## Action item
Would you write out the listing verbatim and skip every picture in it?

## Record set
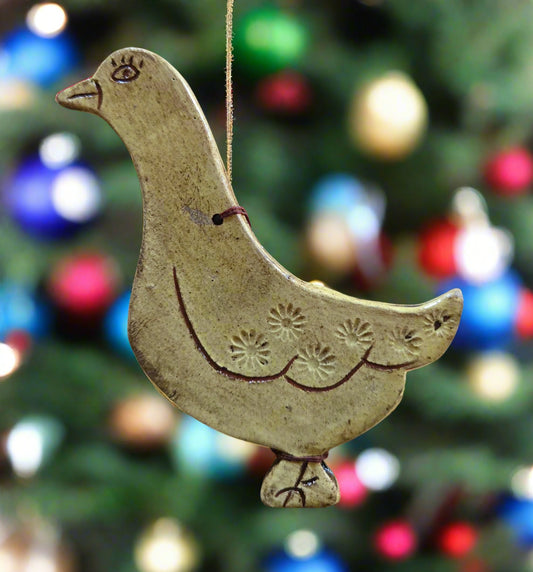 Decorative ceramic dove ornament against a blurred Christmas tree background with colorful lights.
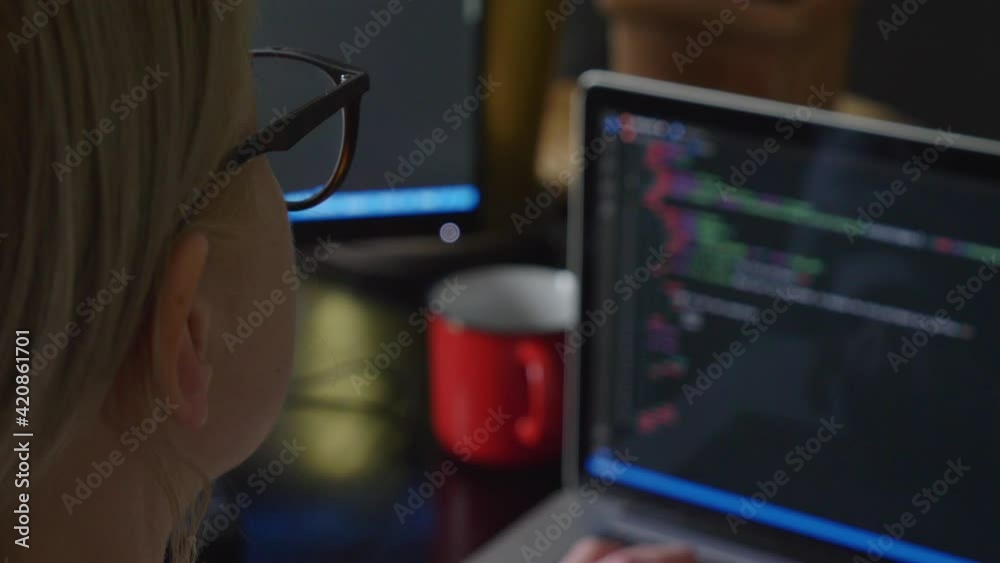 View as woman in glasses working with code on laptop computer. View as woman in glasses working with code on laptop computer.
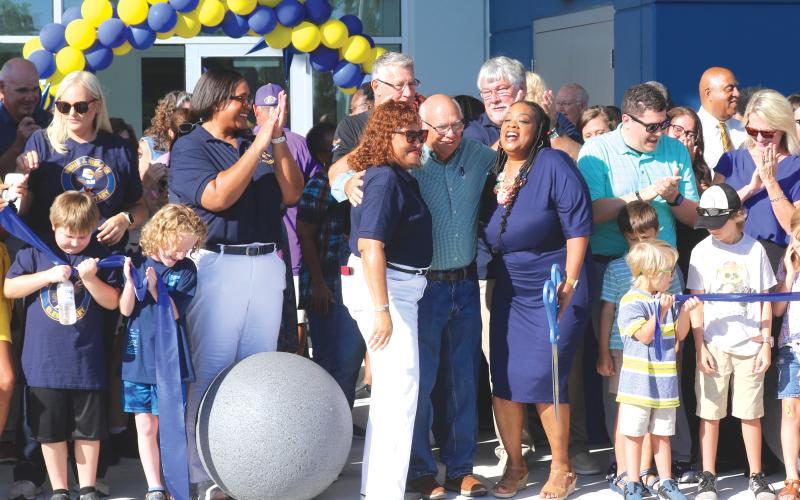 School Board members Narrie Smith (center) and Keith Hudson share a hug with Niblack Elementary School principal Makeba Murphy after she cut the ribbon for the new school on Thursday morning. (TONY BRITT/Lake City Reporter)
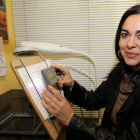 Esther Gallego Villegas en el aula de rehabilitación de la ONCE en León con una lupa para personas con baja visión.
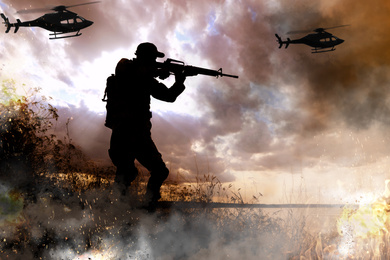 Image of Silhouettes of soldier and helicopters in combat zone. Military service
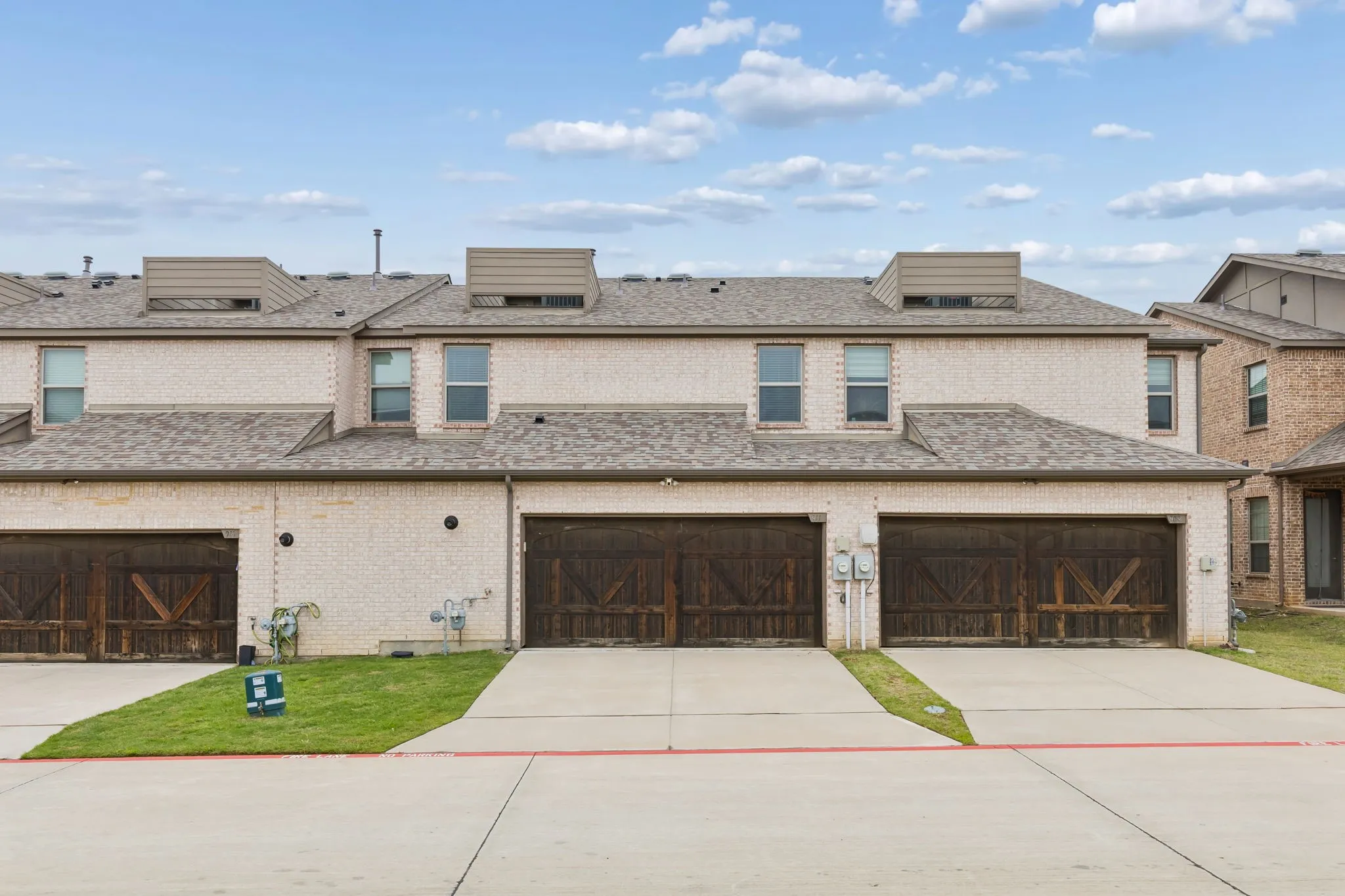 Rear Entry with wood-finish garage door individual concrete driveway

## Solution
 Decorative ceramic dove ornament against a blurred Christmas tree background with colorful lights.
 View as woman in glasses working with code on laptop computer. View as woman in glasses working with code on laptop computer.
 School Board members Narrie Smith (center) and Keith Hudson share a hug with Niblack Elementary School principal Makeba Murphy after she cut the ribbon for the new school on Thursday morning. (TONY BRITT/Lake City Reporter)
 Esther Gallego Villegas en el aula de rehabilitación de la ONCE en León con una lupa para personas con baja visión.
 Image of Silhouettes of soldier and helicopters in combat zone. Military service
 Rear Entry with wood-finish garage door individual concrete driveway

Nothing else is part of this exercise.